[Python-ideas] Make py.exe default to Python 3

Paul Moore p.f.moore at gmail.com
Tue Mar 8 04:24:39 EST 2016


The "py.exe" wrapper on Windows runs the latest Python version
available on the user's PC, but it prefers Python 2 if the user has
both Python 2 and 3 installed. With Python 3.5 being released, is it
not about time that we switched that default to always prefer the
latest version available?

For scripts, users can always specify a shebang line, exactly as on
Unix.

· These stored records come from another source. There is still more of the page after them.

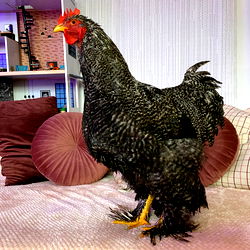 A Românean Model's Playful Pose with a Rooster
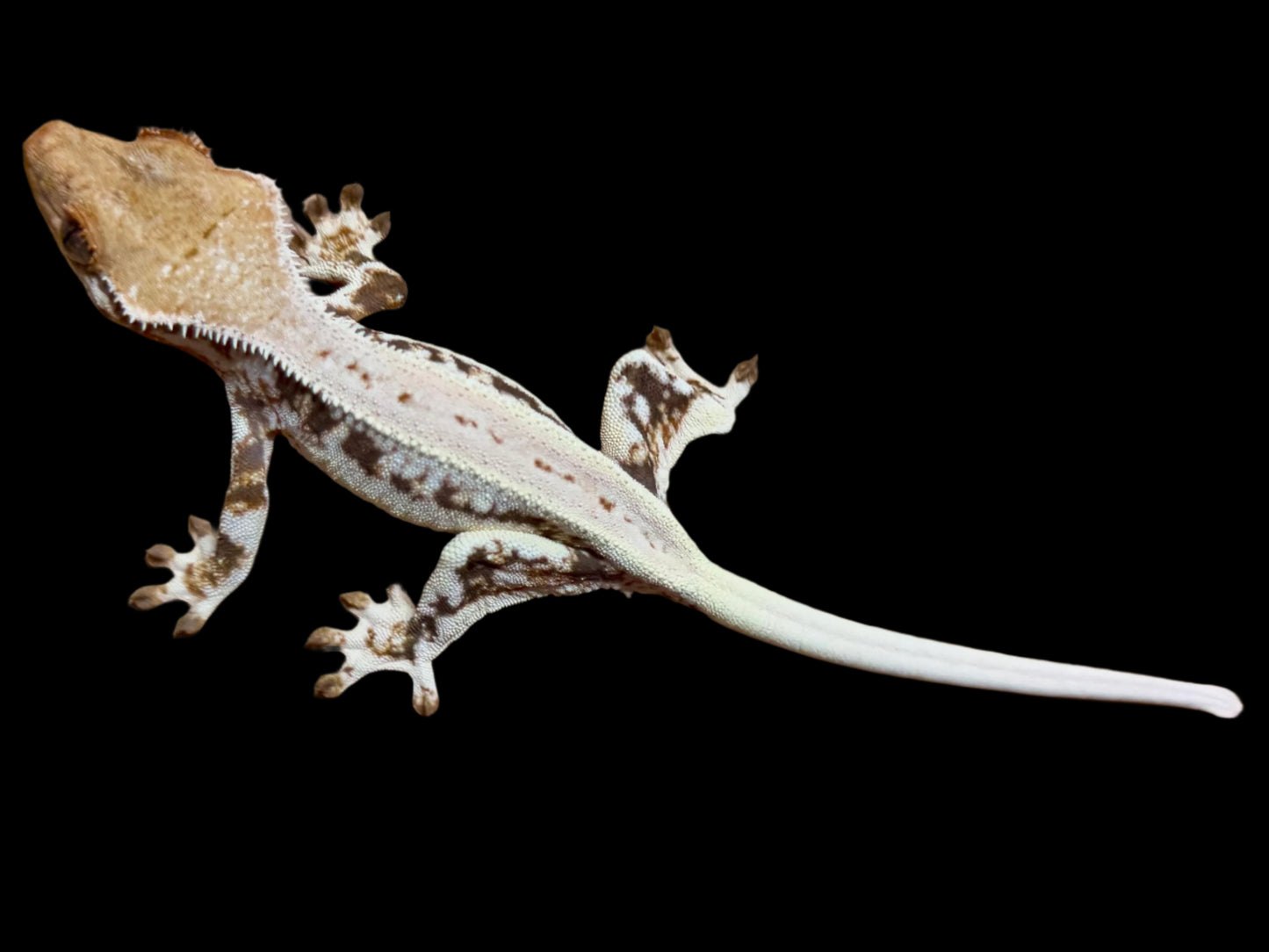 High Lily White Crested Gecko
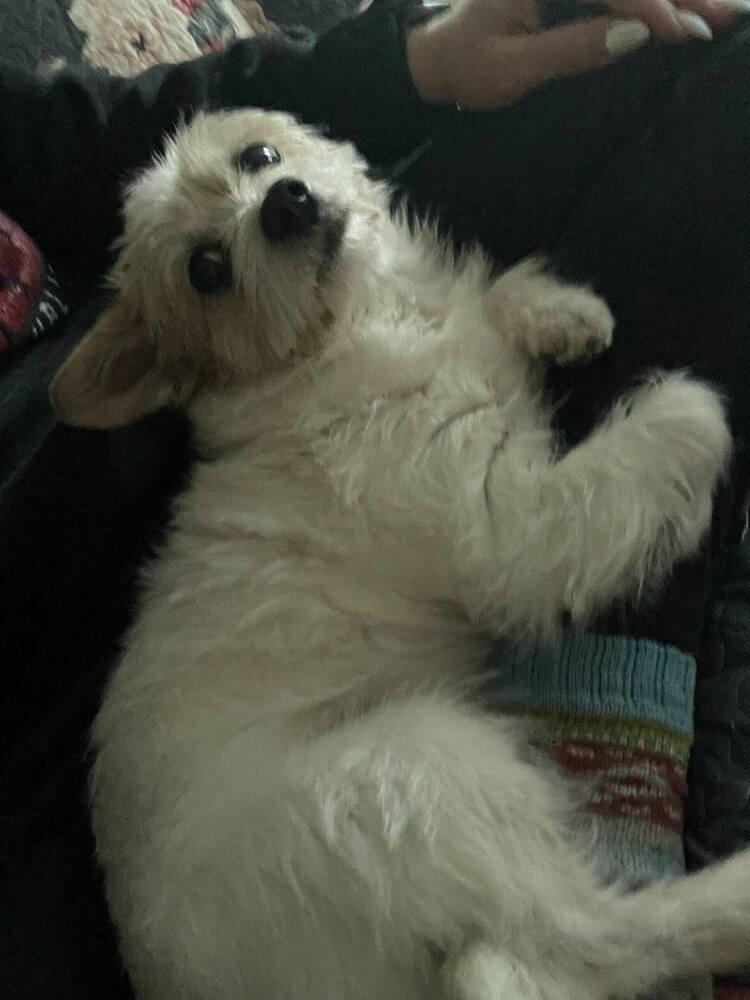 Enlarge Nigel, a Adoptable mixed breed in Santa Rosa, CA image 4/4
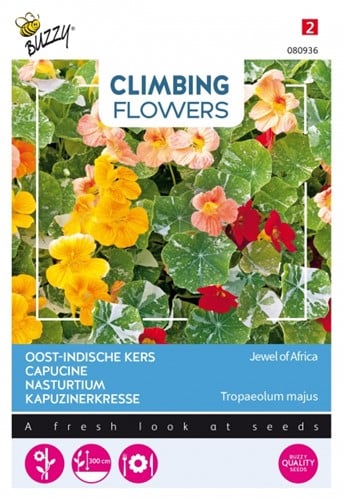 Capucine / Tropaeolum Jewel of Africa - Climbing Flowers
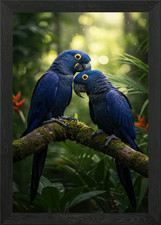 Two Hyacinth Macaws on Mossy Branch Framed Wall Art Poster Canvas Print Picture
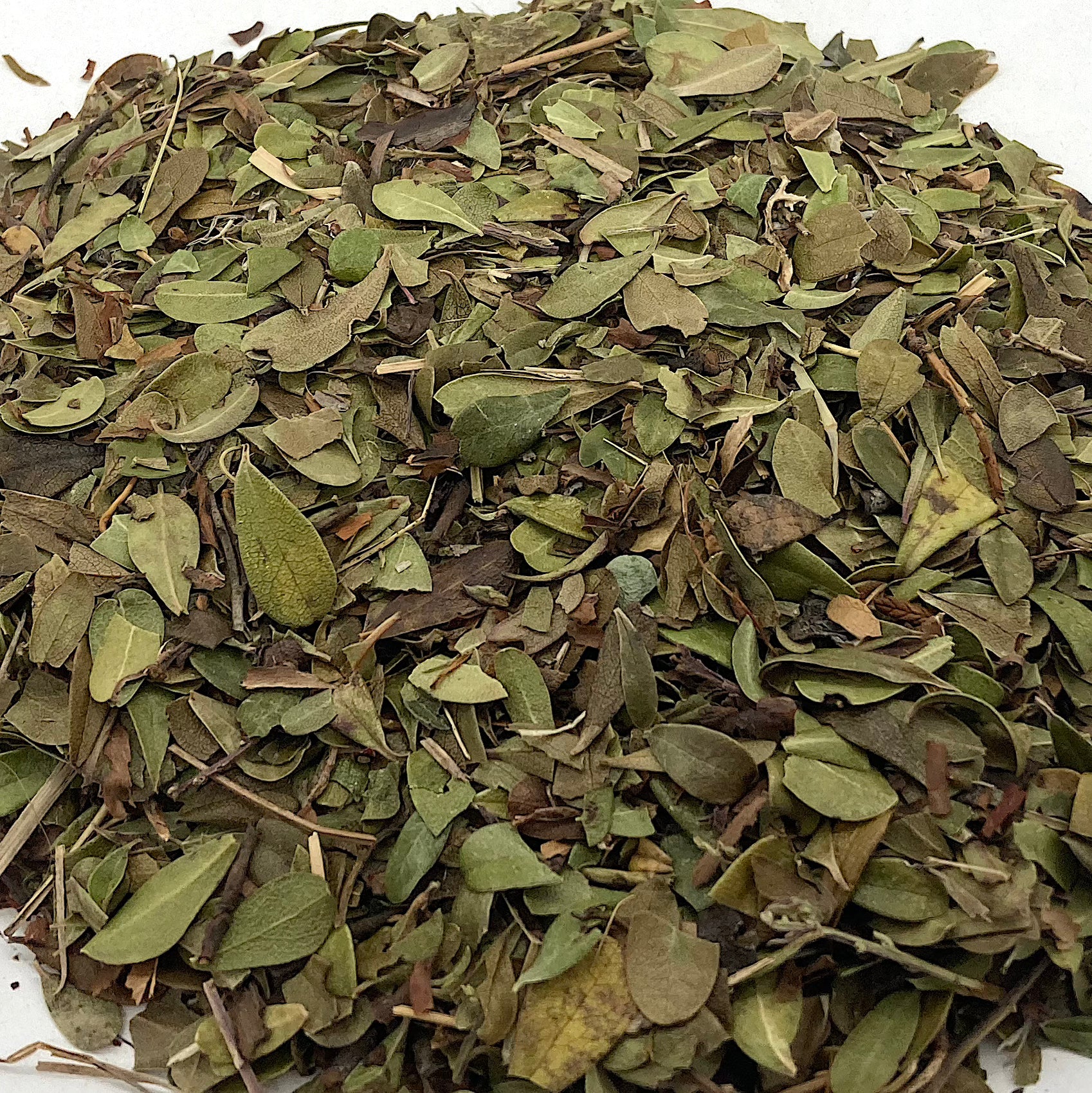 Organic Uva Ursi Leaf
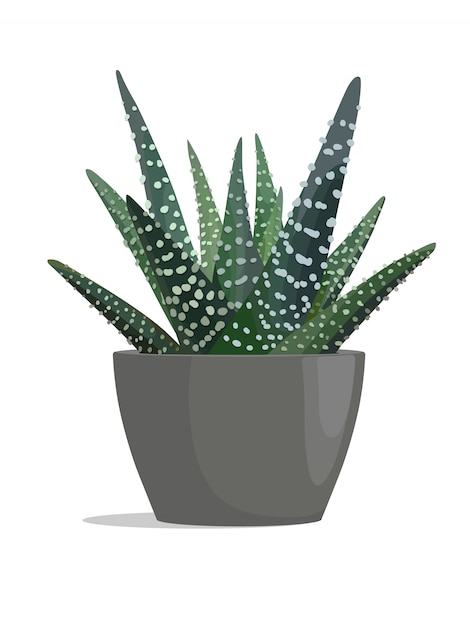 Cactus della zebra in vaso scuro su priorità bassa bianca. Vettore Premium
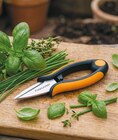 Kräuterschere SP220 von FISKARS für 9,99 € bei Netto mit dem Scottie im Angebot Kräuterschere SP220 von FISKARS im aktuellen Netto mit dem Scottie Prospekt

For interactive use, people who prefer Python 2 simply have to
create a py.ini file saying

[defaults]
python=2

At the moment, someone using Python 3 exclusively can use "py" to
start the Python interpreter - and with the changes in the Python 3.5
installer, defaulting to a per-user install that's not on PATH, this
is often the most convenient approach. But if that person installs
Python 2 (say, to test some code on that version) py.exe silently
switches to using Python 2. And it does so regardless of whether you
specify "make this the default Python" in the installer.

It seems to me that this behaviour is much more unexpected than the
equivalent of a Python user installing Python 3 (py.exe switches to
Python 3, but that's "obviously" the latest version).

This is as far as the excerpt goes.